AWS ML Security

Tags: #core #important #exam-tip

Overview

Security and compliance considerations for machine learning workloads on AWS.

Core Security Principles `#important`

Principle of Least Privilege `#exam-tip`

Definition: Grant only the minimum permissions required to perform a task.

Why It Matters:

Reduces blast radius of security breaches
Limits accidental damage
Meets compliance requirements
AWS best practice for all services

Application in ML: #exam-tip

Scenario	Least Privilege Implementation
Training Job	IAM role with access ONLY to: specific S3 buckets (training data), ECR (container images), CloudWatch Logs
Data Scientist	IAM policy allowing SageMaker Studio, read-only S3 access, NO permission to delete production endpoints
Inference Endpoint	IAM role with access ONLY to: model artifacts in S3, CloudWatch Logs, NO training permissions
Lambda Function	Permission to invoke SageMaker endpoint ONLY, NO access to S3 or other services

Exam Scenarios: #exam-tip

"Data scientist accidentally deleted production model" → Implement least privilege (read-only for non-production roles)
"Minimize security risk for training jobs" → Create IAM role with specific S3 bucket access only
"Secure inference endpoint" → Separate IAM role for endpoints, no training permissions

Best Practices:

Create separate IAM roles for training, inference, and development
Use resource-based policies to restrict access to specific S3 buckets/paths
Avoid wildcard permissions (s3:* is bad, s3:GetObject is good)
Regular audits - Review IAM policies quarterly
Use IAM Access Analyzer - Identify overly permissive policies

Example: Training Job Role (Good)

{
  "Effect": "Allow",
  "Action": [
    "s3:GetObject",
    "s3:PutObject"
  ],
  "Resource": [
    "arn:aws:s3:::my-training-data/*",
    "arn:aws:s3:::my-models/*"
  ]
}

Example: Too Permissive (Bad)

{
  "Effect": "Allow",
  "Action": "s3:*",
  "Resource": "*"
}

Data Masking and Anonymization `#exam-tip`

Purpose: Protect sensitive data while preserving utility for ML training.

Key Concepts:

1. Data Masking

Definition: Replace sensitive data with realistic but fake data

Techniques:

Substitution: Replace real names with fake names
Shuffling: Randomize order of values within column
Redaction: Replace with asterisks or blanks (e.g., "*--1234")
Masking: Partial masking (e.g., "joh***@email.com")
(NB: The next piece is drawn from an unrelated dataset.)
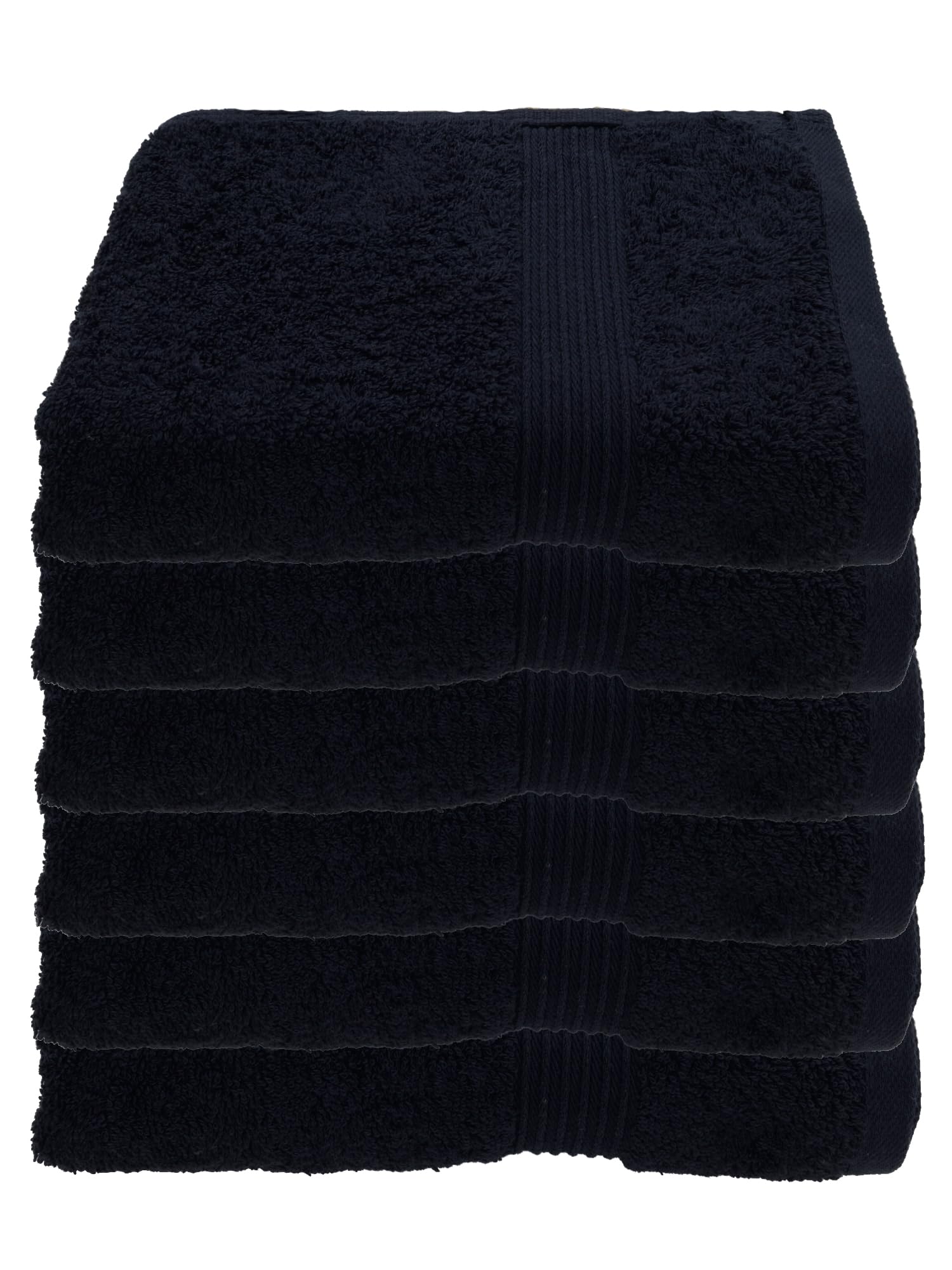 Julie Julsen Set van 12 handdoeken, inclusief 2 badlakens, 4 handdoeken en 6 gastendoekjes, 600 g/m², zwart-goud, 100% katoen, Öko-Tex-standaard 100 gecertificeerd, zacht en absorberend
Use Case: Non-production environments (testing, development)

2. Anonymization

Definition: Remove personally identifiable information (PII) permanently

Techniques:

Generalization: "Age: 32" → "Age: 30-40"
Suppression: Remove entire fields (e.g., delete names column)
Pseudonymization: Replace with consistent pseudonyms (ID-12345)
Perturbation: Add noise to data (differential privacy)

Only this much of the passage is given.